Nach Locarnese-Nein: Neue Ideen für die Wildnis gefordert

Grosse Chance für Wildnis und Regionalentwicklung verpasst: Sechs von acht betroffenen Gemeinden haben am 10. Juni 2018 den Parco Nazionale del Locarnese abgelehnt. Mit dem Nein im Tessin stirbt das letzte Projekt auf der Suche nach einem zweiten Nationalpark in der Schweiz.

Die Enttäuschung nach jahrelanger Vorbereitung sitzt tief. Ein zweiter Nationalpark hat in der Schweiz derzeit kaum eine Chance: Nur zwei von acht betroffenen Gemeinden haben sich diesen Sonntag, 10. Juni 2018, für das Nationalparkprojekt Parco Nazionale del Locarnese ausgesprochen. Die Mehrheit der Abstimmenden der Gemeinden Ascona und Bosco Gurin haben für den Nationalpark Locarnese gestimmt. Die Gemeinden Brissago, Centovalli, Losone, Onsernone, Ronco sopra Asconar und Terre di Pedemonte lehnten den Nationalpark ab. Der Parco del Locarnese hätte sich nordwestlich von Locarno über 218 Quadratkilometer erstreckt. Von den Brissago-Inseln auf 193 Metern bis auf das 2864 Meter hohe Wandfluhhorn. Insbesondere enttäuschend ist die Ablehnung in den wenig besiedelten Tälern Onsernone und Centovalli. Sie hätten die grössten Flächen des Parco del Locarnese ausgemacht. 

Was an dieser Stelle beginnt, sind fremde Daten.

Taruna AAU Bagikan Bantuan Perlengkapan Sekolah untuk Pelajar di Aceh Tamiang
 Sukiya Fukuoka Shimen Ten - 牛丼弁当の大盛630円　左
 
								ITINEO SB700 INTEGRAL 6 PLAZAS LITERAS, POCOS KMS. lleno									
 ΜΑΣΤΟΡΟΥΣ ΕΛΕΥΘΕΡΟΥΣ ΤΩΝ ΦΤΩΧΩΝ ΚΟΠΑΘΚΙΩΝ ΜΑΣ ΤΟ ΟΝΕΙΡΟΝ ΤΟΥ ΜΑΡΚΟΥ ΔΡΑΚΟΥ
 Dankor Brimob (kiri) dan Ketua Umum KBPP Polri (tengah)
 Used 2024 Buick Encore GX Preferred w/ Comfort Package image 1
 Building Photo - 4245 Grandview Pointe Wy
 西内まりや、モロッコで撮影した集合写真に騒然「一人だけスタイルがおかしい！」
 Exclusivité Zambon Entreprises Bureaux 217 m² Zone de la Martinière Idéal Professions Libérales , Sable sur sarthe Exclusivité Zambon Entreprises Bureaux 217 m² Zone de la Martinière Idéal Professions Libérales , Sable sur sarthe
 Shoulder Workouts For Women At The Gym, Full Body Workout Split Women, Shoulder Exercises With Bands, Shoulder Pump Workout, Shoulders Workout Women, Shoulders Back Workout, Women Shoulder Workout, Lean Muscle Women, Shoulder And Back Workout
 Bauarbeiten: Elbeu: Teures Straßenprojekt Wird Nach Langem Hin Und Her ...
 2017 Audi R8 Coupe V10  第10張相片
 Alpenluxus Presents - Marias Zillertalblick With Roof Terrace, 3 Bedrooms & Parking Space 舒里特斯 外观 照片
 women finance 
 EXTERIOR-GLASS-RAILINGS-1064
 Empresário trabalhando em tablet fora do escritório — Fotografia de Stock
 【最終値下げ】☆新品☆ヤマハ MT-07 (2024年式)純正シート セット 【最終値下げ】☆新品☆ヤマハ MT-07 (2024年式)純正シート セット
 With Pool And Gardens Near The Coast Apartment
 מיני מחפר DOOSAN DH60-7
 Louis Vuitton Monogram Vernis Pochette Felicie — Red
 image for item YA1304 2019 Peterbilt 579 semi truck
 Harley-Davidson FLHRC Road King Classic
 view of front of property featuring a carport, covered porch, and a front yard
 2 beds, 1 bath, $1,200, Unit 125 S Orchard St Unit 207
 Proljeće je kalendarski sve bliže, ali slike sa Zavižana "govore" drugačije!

Kernzone besonders umstritten

Besonders umstritten bei Nationalparks ist die sogenannte Kernzone. In ihr herrscht das Ziel der freien Naturentwicklung. Jagd und Fischerei wären zum Beispiel im neuen Nationalpark stark eingeschränkt gewesen. Der Parco del Locarnese wäre ein Nationalpark neuer Ordnung gewesen. Die Pärkeverordnung des Bundes ermöglicht die Schaffung dieser Nationalparks, die aus einer streng geschützten Kernzone und einer Umgebungszone bestehen. Die Umgebungszone hat eine nachhaltige Regionalentwicklung zum Ziel. Bereits Ende November 2016 hatte sich eine Mehrheit von Tessiner und Bündner Gemeinden gegen das Nationalparkprojekt Parc Adula ausgesprochen. Mit dem Parco del Locarnese wurde das letzte Projekt der Pro Natura Kampagne «Gründen wir einen neuen Nationalpark» aus dem Jahr 2000 abgelehnt. Bis jetzt hat die Schweiz mit dem Schweizerischen Nationalpark im Engadin nur einen Nationalpark.

Engagement für Wildnis

Mountain Wilderness Schweiz wird sich weiter dafür einsetzen, dass es in der Schweiz Gebiete gibt, in denen die Natur sich frei entwickeln darf. Diese Wildnis bedeutet ethische Gerechtigkeit, bietet Tieren und Pflanzen Lebensraum und der Wissenschaft wichtige Versuchsflächen. Wildnis ermöglicht uns zudem Raum für persönliche Erfahrungen – denn Wildnis bedeutet für uns nicht unberührte, sondern respektierte Natur. Die Ablehnung der Projekte Adula und Locarnese zeigt, dass Nationalpärke in der Schweiz einen schweren Stand haben. Mountain Wilderness Schweiz wird zusammen mit betroffenen Gruppen wie lokaler Bevölkerung, Raumplanung und Nutzergruppen wie Jagd oder Bergsport nach anderen Lösungen suchen, um Wildnis in der Schweiz langfristig zu sichern.